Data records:
::::::::::

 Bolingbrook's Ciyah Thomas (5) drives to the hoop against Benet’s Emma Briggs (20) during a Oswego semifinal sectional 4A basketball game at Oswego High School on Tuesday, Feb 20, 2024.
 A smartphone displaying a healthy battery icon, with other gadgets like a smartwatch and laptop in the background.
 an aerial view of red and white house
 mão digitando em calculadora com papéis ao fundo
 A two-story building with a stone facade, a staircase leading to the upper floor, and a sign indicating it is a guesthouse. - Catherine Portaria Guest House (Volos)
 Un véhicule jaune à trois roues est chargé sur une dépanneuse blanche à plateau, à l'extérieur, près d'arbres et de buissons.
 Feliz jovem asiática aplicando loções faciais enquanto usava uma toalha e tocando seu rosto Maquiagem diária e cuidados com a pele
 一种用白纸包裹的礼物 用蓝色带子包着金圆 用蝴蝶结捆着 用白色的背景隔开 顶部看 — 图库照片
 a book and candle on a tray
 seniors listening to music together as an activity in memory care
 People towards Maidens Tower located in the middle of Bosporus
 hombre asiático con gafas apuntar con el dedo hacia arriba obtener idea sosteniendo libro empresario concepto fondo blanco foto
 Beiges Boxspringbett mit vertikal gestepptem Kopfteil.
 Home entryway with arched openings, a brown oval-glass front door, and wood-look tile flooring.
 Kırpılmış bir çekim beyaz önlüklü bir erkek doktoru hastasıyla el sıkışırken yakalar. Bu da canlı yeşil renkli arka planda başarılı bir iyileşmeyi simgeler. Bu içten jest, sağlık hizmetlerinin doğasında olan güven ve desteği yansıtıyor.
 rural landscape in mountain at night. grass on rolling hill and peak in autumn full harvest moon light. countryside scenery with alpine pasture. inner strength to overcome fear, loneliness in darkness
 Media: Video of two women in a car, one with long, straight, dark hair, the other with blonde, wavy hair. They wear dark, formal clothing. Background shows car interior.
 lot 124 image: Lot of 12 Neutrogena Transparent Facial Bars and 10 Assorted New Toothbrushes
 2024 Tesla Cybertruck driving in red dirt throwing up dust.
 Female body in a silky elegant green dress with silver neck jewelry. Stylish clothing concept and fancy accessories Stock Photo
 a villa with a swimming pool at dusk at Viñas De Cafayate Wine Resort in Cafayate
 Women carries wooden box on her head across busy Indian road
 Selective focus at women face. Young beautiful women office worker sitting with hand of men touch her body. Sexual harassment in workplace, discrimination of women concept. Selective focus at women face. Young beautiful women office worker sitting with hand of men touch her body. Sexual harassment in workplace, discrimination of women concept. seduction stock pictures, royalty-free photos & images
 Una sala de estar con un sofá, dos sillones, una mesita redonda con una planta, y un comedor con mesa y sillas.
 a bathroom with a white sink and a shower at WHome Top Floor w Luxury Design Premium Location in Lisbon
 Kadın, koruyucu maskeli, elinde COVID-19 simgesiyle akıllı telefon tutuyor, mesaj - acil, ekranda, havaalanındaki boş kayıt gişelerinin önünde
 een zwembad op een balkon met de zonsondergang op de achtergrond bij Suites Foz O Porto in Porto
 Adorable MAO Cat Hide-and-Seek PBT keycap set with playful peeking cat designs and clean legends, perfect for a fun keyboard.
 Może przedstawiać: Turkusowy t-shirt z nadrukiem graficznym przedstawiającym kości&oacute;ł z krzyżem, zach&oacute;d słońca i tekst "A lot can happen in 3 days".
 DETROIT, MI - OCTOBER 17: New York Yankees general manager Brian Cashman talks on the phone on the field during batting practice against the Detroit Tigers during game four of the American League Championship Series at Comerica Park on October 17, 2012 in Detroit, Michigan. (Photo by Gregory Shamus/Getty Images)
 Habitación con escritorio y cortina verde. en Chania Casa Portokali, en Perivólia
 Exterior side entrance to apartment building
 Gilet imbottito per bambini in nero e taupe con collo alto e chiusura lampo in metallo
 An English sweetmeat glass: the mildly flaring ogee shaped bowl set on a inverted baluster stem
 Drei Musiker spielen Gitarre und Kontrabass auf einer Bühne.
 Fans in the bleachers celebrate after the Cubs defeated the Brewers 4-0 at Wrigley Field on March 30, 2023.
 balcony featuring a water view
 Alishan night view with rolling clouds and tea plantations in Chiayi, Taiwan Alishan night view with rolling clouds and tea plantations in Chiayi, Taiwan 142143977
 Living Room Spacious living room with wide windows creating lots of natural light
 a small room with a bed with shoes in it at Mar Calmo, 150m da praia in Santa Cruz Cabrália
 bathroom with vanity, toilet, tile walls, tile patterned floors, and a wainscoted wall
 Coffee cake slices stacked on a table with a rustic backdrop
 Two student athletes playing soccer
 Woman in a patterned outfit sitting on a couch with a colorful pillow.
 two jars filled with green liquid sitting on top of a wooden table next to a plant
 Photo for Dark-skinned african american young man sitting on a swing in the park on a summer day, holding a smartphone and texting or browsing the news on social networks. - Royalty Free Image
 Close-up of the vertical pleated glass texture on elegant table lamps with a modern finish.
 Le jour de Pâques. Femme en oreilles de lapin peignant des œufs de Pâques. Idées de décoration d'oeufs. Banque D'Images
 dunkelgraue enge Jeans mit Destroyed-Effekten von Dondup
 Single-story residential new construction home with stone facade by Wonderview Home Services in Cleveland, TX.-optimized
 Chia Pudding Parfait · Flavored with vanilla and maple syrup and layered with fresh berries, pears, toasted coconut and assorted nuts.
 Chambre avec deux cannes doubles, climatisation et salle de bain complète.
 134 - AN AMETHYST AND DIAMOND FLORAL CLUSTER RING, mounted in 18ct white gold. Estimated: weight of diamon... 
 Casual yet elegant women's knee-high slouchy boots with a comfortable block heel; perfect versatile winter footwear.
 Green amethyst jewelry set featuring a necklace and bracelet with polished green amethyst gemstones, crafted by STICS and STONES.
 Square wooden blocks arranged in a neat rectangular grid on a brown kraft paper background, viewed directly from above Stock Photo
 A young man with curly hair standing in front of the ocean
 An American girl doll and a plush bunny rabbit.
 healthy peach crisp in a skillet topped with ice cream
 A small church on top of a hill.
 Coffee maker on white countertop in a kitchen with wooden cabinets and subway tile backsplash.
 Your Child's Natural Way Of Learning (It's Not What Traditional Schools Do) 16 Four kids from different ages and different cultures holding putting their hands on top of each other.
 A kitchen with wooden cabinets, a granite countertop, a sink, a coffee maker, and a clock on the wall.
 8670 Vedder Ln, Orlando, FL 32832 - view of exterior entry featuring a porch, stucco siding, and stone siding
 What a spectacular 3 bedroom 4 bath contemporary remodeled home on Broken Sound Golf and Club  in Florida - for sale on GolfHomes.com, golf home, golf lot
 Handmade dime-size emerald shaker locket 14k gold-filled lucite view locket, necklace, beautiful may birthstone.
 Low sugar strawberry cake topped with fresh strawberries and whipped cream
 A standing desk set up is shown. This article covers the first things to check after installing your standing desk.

::::::::::

● **Work item**:
Given the records above, reproduce precisely and only the lines between the line holding "8670 Vedder Ln, Orlando, FL" and the line holding "Handmade dime-size emerald", inclusive.

● **Answer for the task**:
 8670 Vedder Ln, Orlando, FL 32832 - view of exterior entry featuring a porch, stucco siding, and stone siding
 What a spectacular 3 bedroom 4 bath contemporary remodeled home on Broken Sound Golf and Club  in Florida - for sale on GolfHomes.com, golf home, golf lot
 Handmade dime-size emerald shaker locket 14k gold-filled lucite view locket, necklace, beautiful may birthstone.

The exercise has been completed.